Plaintiff is judicially estopped from rebranding as prescriptive the structural-footprint theory the Court rejected when it denied amendment. Wang v. Peletta, supported by Plaintiff’s own admissions in its motion to amend and at trial, forecloses any prescriptive right in unpermitted, nuisance-per-se structures. The trial record contains no substantial evidence tying use to the TE 365 Red Outline, and Plaintiff’s own concessions establish non-use within the CACI 4916 window. The Motion should be granted, and judgment notwithstanding the verdict entered in favor of Defendants. 

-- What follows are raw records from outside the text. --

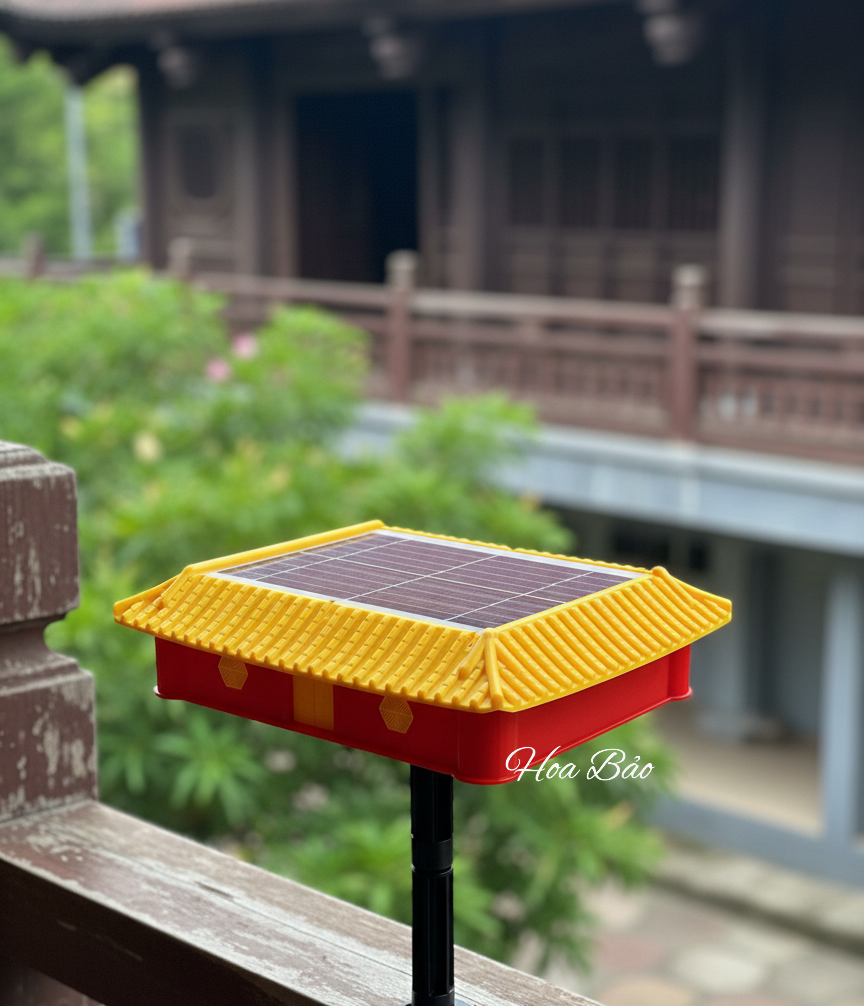  Loại A - Đài Niệm Phật Năng Lượng Mặt Trời Mái Chùa Cao Cấp - Máy tụng Kinh Địa Tạng năng lượng 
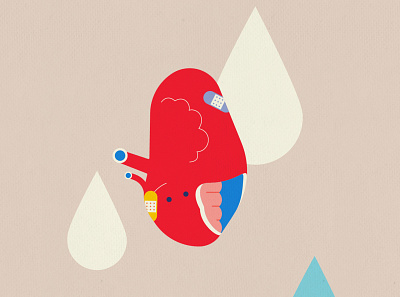 A poor stomach. design illustration vector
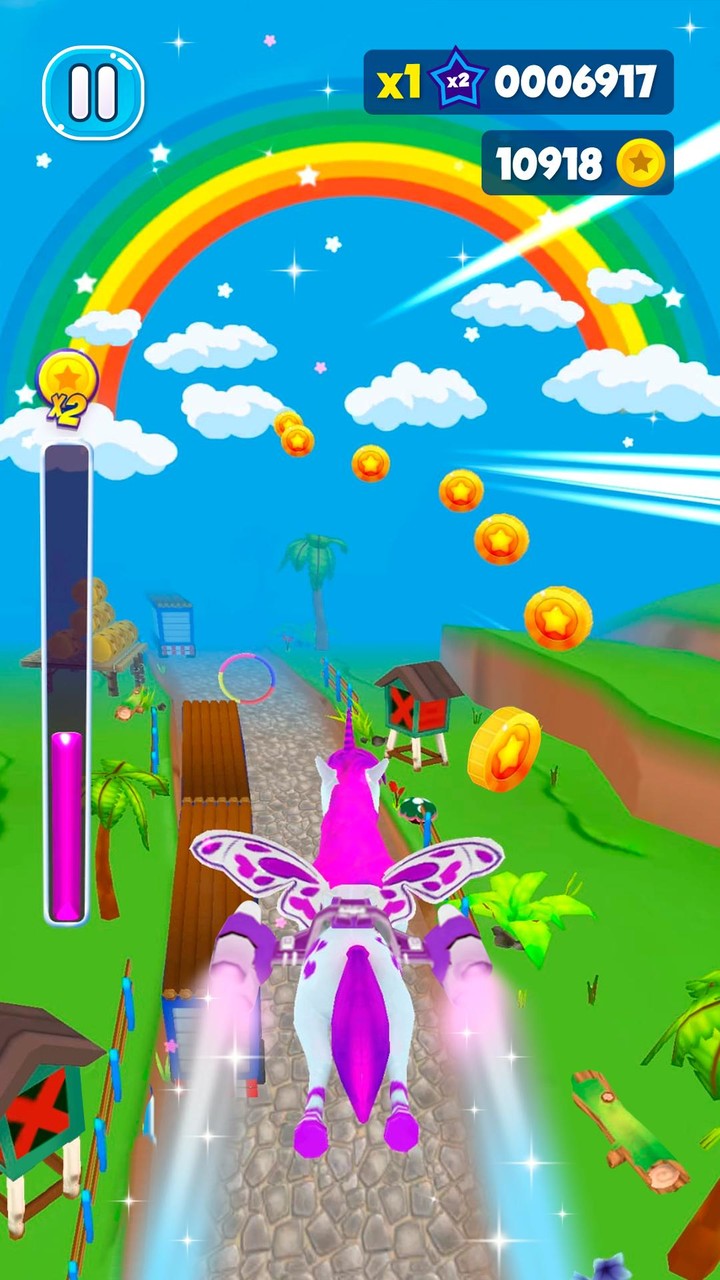 Unicorn Dash: Fun Runner 2 screenshot image 4_Popularmodapk.com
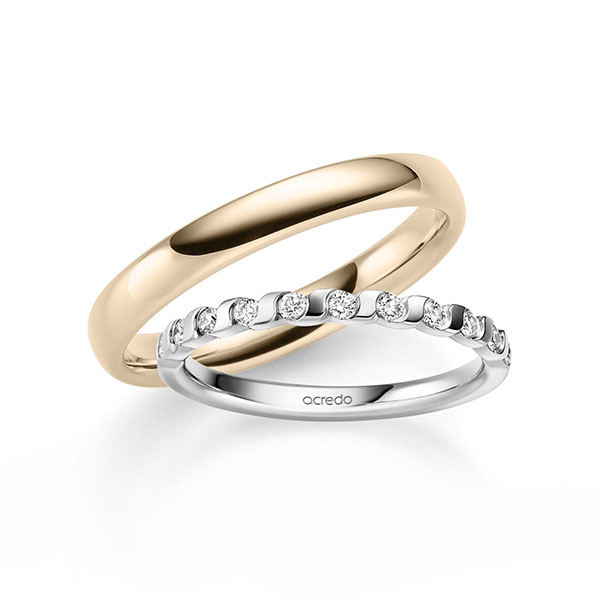Trouwringen - Wit goud - A-2808-2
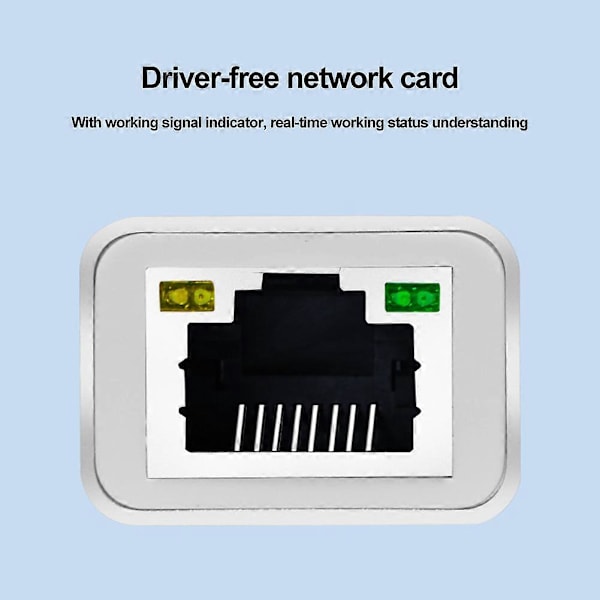 Type-C till RJ45 Ethernet Kabelansluten LAN-adapter 100/1000Mbps (Silver Type C Gigabit)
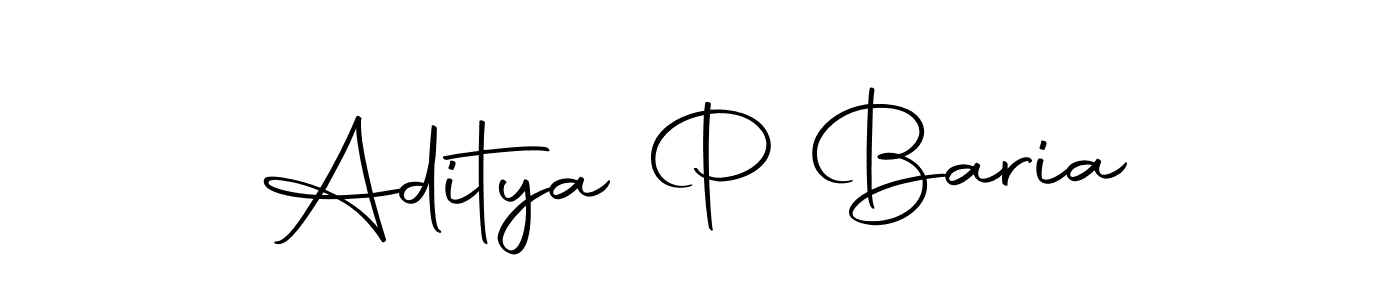 The best way (Autography-DOLnW) to make a short signature is to pick only two or three words in your name. The name Aditya P Baria include a total of six letters. For converting this name. Aditya P Baria signature style 10 images and pictures png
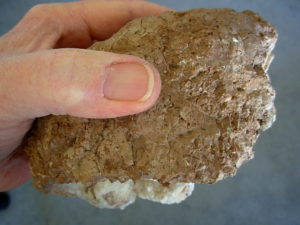 Rare Geode from the San Andreas Fault in California
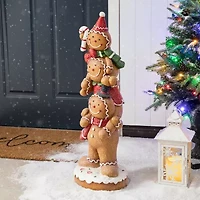 Glitzhome 29.25" Gingerbread Man Christmas Porch Sign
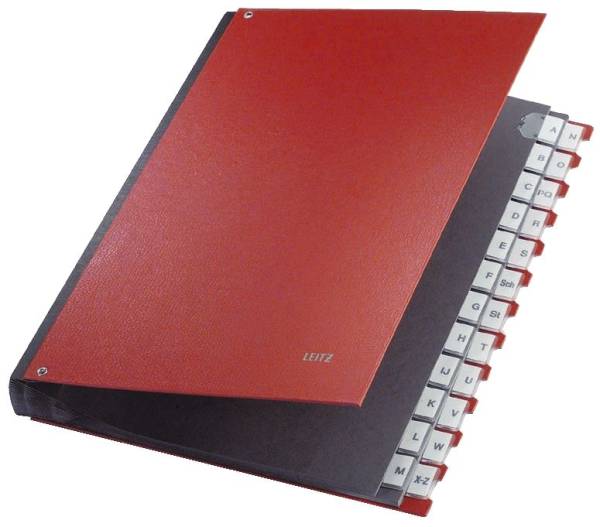 5924 Pultordner A Z, 24 Fächer, PP, rot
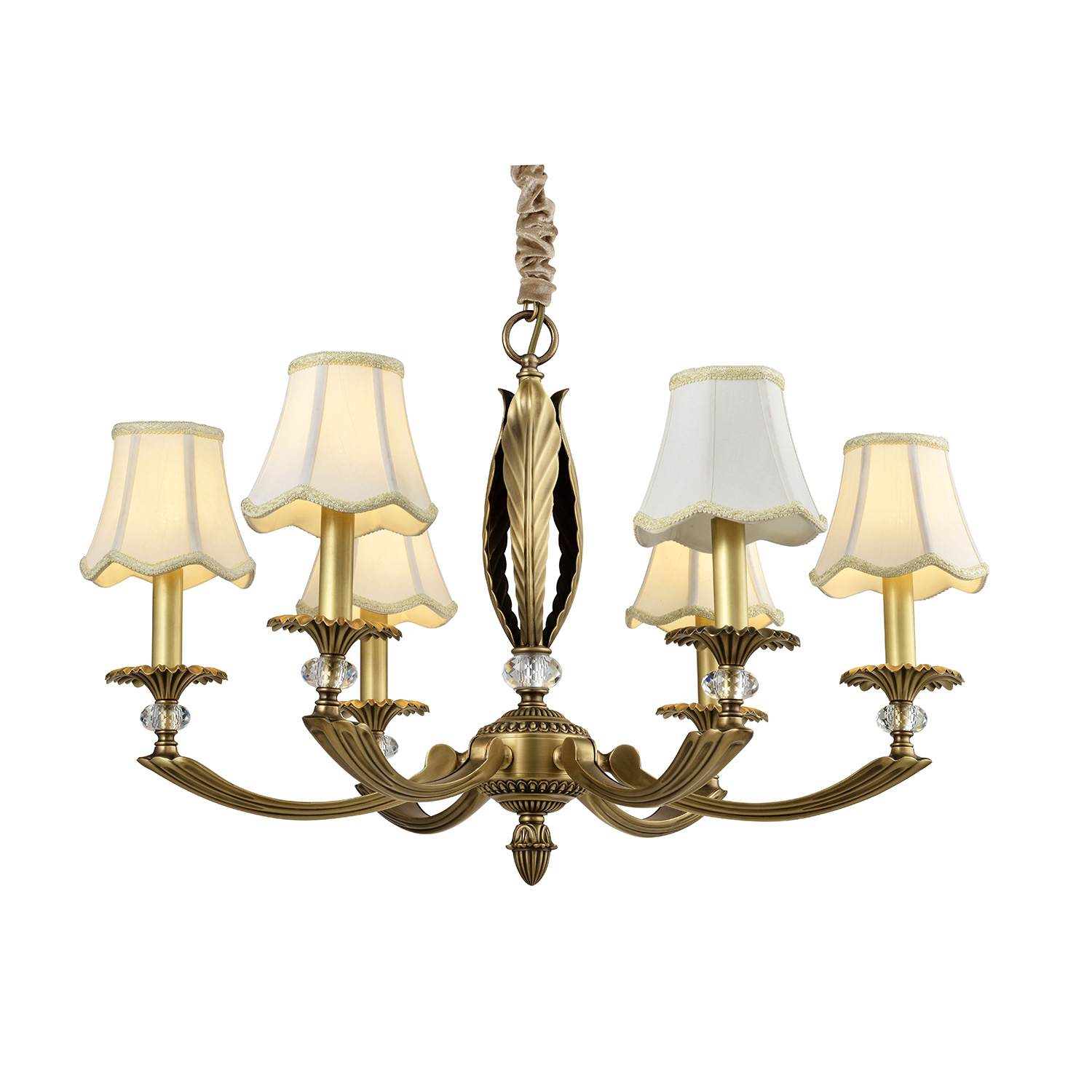 Đèn Chùm Đồng Hiện Đại Cao Cấp Venus 91027-06 6 tay bóng nến Đèn Chùm Đồng Hiện Đại Cao Cấp Venus 91027-06 6 tay bóng nến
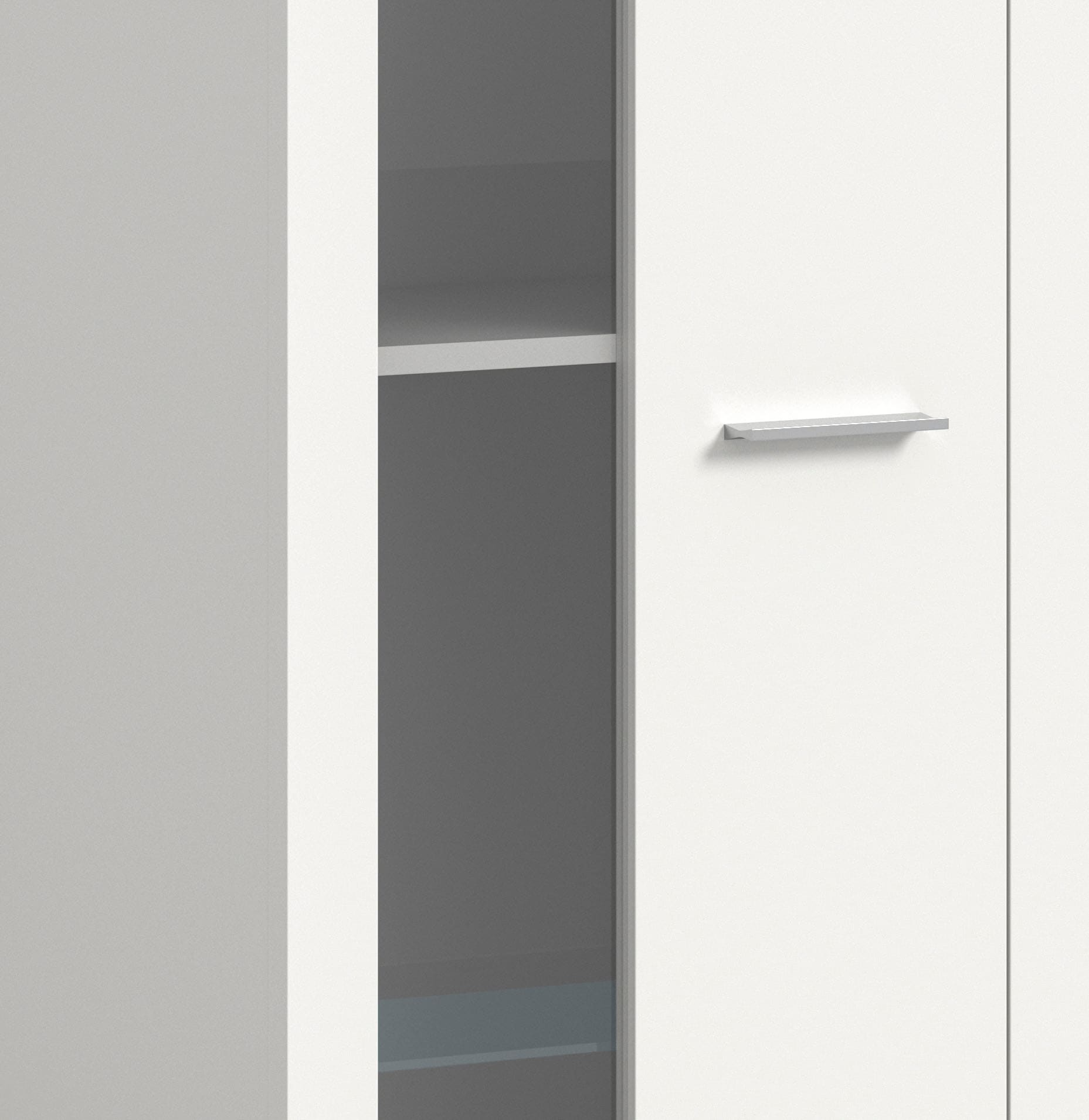 INOSIGN Wohnwand »Aosta, Breite 330cm, best. aus Highboard, Lowboard, Wandboard, Vitrine«, (4 St.), Wohnwand, Kombination, Anbauwand, Möbel Set, Schrankwand, Möbel Kombi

Evidentiary Objections to Declaration of Jeff Tchakarov 

#1 --- ¶6 to the Declaration of Jeff F. Tchakarov, alleging a true and correct copy of “Plaintiff’s Trial Exhibit 326 admitted into evidence during the 3-week jury trial held in the above-captioned action between January 5 and January 23, 2026.” – Objections: (1) Inadmissible Hearsay 

without applicable exception. (2) Irrelevant (Ev. Co §403). (3) Lacks Foundation. (4) Lacks personal knowledge. (5) Best evidence rule. Prejudicial. Statement is conclusionary and materially misleading. 

Ruling: Overruled 

Defendants evidentiary objections to the evidence proffered by Plaintiff within the following portions of the declarations of Eva Turenchalk, submitted in support of the opposition to Defendants’ Motion To (1) Vacate Void Judgment As To Unpleaded, Unserved Trust And Trustee Capacities Under CCP § 473(D); (2) Vacate Or, In The Alternative, Modify The Judgment Under CCP § 663; And (3) For New Trial Under CCP § 657. 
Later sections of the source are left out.